Mr. Pawar was elected as MLA from the Baramati seat in Pune since 1991 and has held the portfolios of Power, Soil Conservation, Rural Development, Agriculture and now Finance, Power and Planning. Considered to be a no-nonsense and tough-talking politician, also known for his brashness, he was Guardian Minister of Pune since 2004. Mr. Pawar replaced Chhagan Bhujbal as Deputy Chief Minister in 2010 when the Congress had to change its Chief Minister after the Adarsh society scam.
Public abuse of media
Last year, Mr. Pawar proclaimed himself as a “tagya,” a ruffian or rowdy person, after he publicly abused the media at a meeting in Nanded, sparking off a brief press boycott. Mr. Pawar has had several slanging matches with the media and fellow politicians and often his uncle had to step in to smooth ruffled feathers.
His relationship with Chief Minister Prithviraj Chavan has not been a happy one. Mr. Pawar’s grandiose plans of redevelopment in Mumbai did not go down well with Mr. Chavan. NCP Ministers often complained that their files were not being moved and the two years have seen a lot of friction. Mr. Pawar stepped on everyone’s toes since he took over. Before the budget last year, Mr. Pawar wrote to all Ministers asking them to attend meetings concerning a review of their departments. At least one Congress minister wrote back to him, saying he was perfectly capable of conducting the affairs in his Ministry. Some of the Ministers ignored his diktat.

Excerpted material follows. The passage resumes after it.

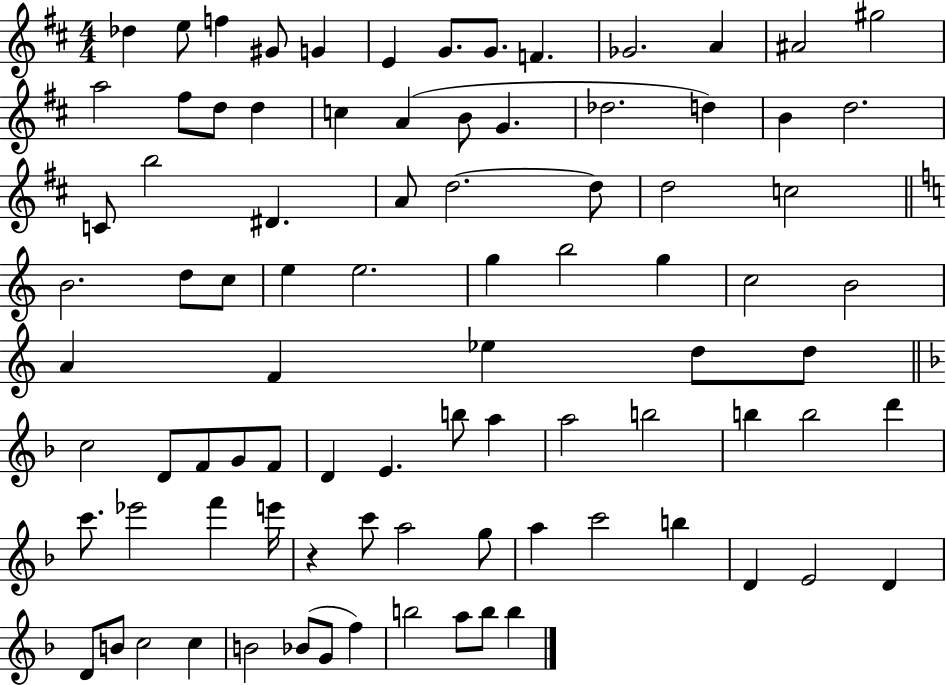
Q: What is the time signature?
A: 4/4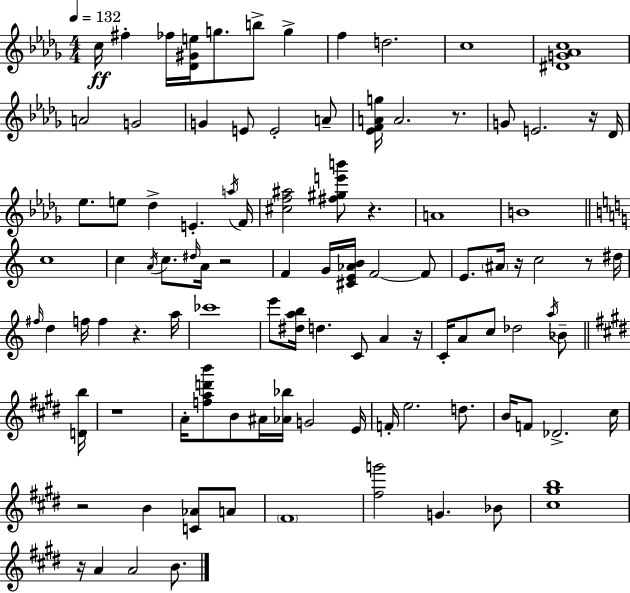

Mr. Pawar’s first budget speech as Finance Minister was shouted down by the Opposition in the State Assembly but he did take some measures to increase sales tax revenue and they also had a strong focus on agriculture. However, the Congress decision in 2011 to put the NCP-led apex body Maharashtra State Cooperative Bank under administrators after reports of its negative net worth and high non-performing assets was another thorn in the coalition relations. Earlier in the year, the Chief Minister agreed to a white paper on irrigation after Opposition demands and this was seen as a blow to the NCP. While Mr. Pawar’s confidante Sunil Tatkare holds the charge, the Water Resources Department is under the lens of activists who used the Right to Information to expose many scams in drinking water projects around Mumbai.
Differences with NCP too
Within the NCP too, Mr. Pawar has sometimes been recalcitrant and has insisted on having his way, even though it went against popular sentiment. For instance, in the appointment of the Mumbai NCP president, sources in the party say he is keen on a former Shiv Sainik and trade unionist Kiran Pawaskar who was made an MLC while the party wants NCP MP Sanjay Patil. These stand-offs notwithstanding, Mr. Pawar has a strong following within his party and those loyal to him swear by his leadership qualities. He has led the NCP to much success in elections to the local bodies and the party emerged as number one in the zilla parishad and panchayat samiti polls this year. With some smart planning, he also edged out the Congress in municipal corporations in the State by allying with the Bharatiya Janata Party.
He is one of the main proponents of the NCP going it alone in the next assembly polls and has sets his sights on becoming Chief Minister.
At the press conference announcing his resignation on Tuesday, Mr. Pawar said he was clean and he would go back to the people and let them decide. That time may not be far off considering the uncertainty in the State at the moment.